- _Problem details_
Write out exactly the lines below that run from the one containing "WF UPVC SCH80 Three Way Ball Valve" through the one containing "Colorful Sugar Skull", both included, with no other lines.

[[ Source information open ]]

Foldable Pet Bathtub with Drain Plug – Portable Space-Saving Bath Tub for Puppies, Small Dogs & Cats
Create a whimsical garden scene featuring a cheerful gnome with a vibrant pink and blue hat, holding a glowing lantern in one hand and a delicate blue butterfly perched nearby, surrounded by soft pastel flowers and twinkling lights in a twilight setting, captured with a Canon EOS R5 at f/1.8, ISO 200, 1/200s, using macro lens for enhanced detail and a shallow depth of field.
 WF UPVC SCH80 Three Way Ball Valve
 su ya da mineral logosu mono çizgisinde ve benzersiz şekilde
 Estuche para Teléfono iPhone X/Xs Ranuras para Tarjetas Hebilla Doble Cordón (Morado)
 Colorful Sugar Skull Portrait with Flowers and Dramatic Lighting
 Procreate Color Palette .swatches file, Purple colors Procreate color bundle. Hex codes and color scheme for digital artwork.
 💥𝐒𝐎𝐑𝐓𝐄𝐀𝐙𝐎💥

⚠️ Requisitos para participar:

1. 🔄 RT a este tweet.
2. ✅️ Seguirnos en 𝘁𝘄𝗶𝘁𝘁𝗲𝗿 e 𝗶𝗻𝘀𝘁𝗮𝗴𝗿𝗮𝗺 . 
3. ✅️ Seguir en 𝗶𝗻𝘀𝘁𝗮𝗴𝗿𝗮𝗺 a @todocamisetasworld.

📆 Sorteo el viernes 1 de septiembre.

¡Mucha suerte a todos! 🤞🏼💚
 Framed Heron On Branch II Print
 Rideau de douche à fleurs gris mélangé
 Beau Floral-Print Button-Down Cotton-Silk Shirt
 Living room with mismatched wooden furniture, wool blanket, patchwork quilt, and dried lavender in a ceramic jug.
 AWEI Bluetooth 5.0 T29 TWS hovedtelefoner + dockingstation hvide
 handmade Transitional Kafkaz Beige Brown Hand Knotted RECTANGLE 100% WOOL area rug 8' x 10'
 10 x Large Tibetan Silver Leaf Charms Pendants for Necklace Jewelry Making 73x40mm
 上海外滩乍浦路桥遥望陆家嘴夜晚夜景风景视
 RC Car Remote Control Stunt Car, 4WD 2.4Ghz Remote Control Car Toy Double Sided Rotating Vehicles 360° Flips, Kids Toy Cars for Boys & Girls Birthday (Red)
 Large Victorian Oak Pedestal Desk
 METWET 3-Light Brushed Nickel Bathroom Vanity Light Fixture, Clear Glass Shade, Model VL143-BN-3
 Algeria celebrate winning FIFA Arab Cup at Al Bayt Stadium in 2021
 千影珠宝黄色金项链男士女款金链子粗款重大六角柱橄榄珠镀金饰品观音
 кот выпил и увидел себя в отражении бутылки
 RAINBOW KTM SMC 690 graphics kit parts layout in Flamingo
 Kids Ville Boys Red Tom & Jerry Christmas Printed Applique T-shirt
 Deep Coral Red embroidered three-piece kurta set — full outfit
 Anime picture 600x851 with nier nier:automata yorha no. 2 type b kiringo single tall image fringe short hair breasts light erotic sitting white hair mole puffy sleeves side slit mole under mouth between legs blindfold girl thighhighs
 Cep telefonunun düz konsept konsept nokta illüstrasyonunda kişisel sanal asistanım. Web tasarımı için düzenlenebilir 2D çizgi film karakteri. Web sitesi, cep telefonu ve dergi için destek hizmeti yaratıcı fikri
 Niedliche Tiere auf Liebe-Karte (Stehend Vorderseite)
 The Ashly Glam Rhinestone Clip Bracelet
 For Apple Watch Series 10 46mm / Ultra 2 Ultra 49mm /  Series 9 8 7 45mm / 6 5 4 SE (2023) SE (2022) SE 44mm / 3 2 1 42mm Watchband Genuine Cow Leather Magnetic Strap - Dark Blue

[[ Source information closed ]]

- _Written answer_
 WF UPVC SCH80 Three Way Ball Valve
 su ya da mineral logosu mono çizgisinde ve benzersiz şekilde
 Estuche para Teléfono iPhone X/Xs Ranuras para Tarjetas Hebilla Doble Cordón (Morado)
 Colorful Sugar Skull Portrait with Flowers and Dramatic Lighting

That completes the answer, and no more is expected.